1) Crise e atualidade do liberalismo
Nada mais parecido com um momento de crise do que um outro. Eis como a política brasileira ao final da década de 20 foi descrita, em uma crítica à política liberal que seria retomada com ímpeto em 1937, na implantação do Estado Novo:
"Regionalismos desenfreados comprometiam a todo o momento a integridade nacional; a máquina político-administrativa estava nas mãos de chefetes eleitorais e a serviço de inconfessáveis manobras partidárias de que se excluía o interesse geral; sob os efeitos de um liberalismo de aparência, explorado por numerosa clientela de agitadores oportunistas e de oligarcas experimentados na manipulação das fraudes, a democracia se tornara um mito e a opinião nacional, já cansada dos desmandos do poder e também desiludida dos que antes a conduziam para inoperantes campanhas demagógicas, traduzia seu desgosto pela forma neutra, porém desesperada, de uma indiferença desdenhosa. Os maiores problemas econômicos e sociais serviam apenas de ornamentos decorativos para a composição de plataformas. As fontes de riqueza viviam abandonadas. O trabalho, sem proteção ou estímulo de qualquer natureza, apelava para o recurso explosivo e desorganizador das greves como único processo de exigir satisfação aos seus anseios oprimidos. A situação financeira era comprometida na aventura dos empréstimos. Em sua grande maioria, os homens de inteligência ficavam à margem da vida pública e a incompetência submissa à férula dos mandões de província se tornara critério dominante para o preenchimento dos cargos administrativos e a conquista dos postos de representação. A politicalha parlamentar e a rotina burocrática deixavam o progresso do país entregue às iniciativas particulares, cujo elogio insistente era, aliás, o reflexo da suspeita que em geral acompanhava os mais vistosos empreendimentos oficiais. E na sua ironia tão ilustrativa, o homem da rua já se habituara a dizer que 'o Brasil só caminhava de noite, aproveitando as horas em que os políticos dormiam'"(1)

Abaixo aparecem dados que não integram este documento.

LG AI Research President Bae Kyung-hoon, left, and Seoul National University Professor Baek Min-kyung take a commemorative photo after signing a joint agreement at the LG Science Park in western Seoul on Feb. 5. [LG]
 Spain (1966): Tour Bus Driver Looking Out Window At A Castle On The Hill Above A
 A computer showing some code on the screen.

O Estado Novo buscou sua justificação na tese do fracasso e da inviabilidadade da política liberal. Para os modernizadores da década de 30, liberalismo era sinônimo de política oligárquica, da divisão e esquartejamento do poder nacional entre os grupos de poder que controlavam as políticas estaduais, da corrupção e da ineficiência.
Nos anos 30, a resposta para a falência do liberalismo político era o carisma do líder a racionalidade e a cientificidade do administrador. A Constituinte de 1934 teria falhado precisamente por não ter percebido esta nova realidade, e ter recaído na política tradicional:
"Porque as antiquadas teorizações políticas dominaram sobre a interpretação objetiva dos problemas do Brasil e do mundo moderno, porque o conservadorismo impregnado de noções obsoletas abafou o espírito da revolução, e também porque os interesses regionalistas e partidários reclamam primazia sobre os interesses gerais da nação, o novo regime apareceu como um desastrado remendo do velho"(2).
A solução seria mais Estado, mais governo, mais eficiência, mais intervencionismo:
"Num período em que até os modelos clássicos da democracia liberal procuravam ajustar-se às condiçoes e exigências da atualidade, intervindo decisivamente na vida econômica e social, aplicava-se no Brasil um estatuto essencialmente político, de que resultava um Estado abstencionista, mero espectador da existência nacional, seu direito de influir na composição de suas forças, entregues assim ao jogo das competições privadas. (...). Numa época de extremos perigos, em que por toda parte o poder público se fortalecia para enfrentá-los, desarmava-se ainda mais o poder. Quando os nacionalismos se acirravam por todo o mundo e quando a unidade brasileira mal saíra de ameaçadora crise, avigoravam-se as autonomias regionais. Quando o país necessitava principalmente de administração, entravava-se a máquina administrativa com toda a sorte de convenções e formalismos..."(3).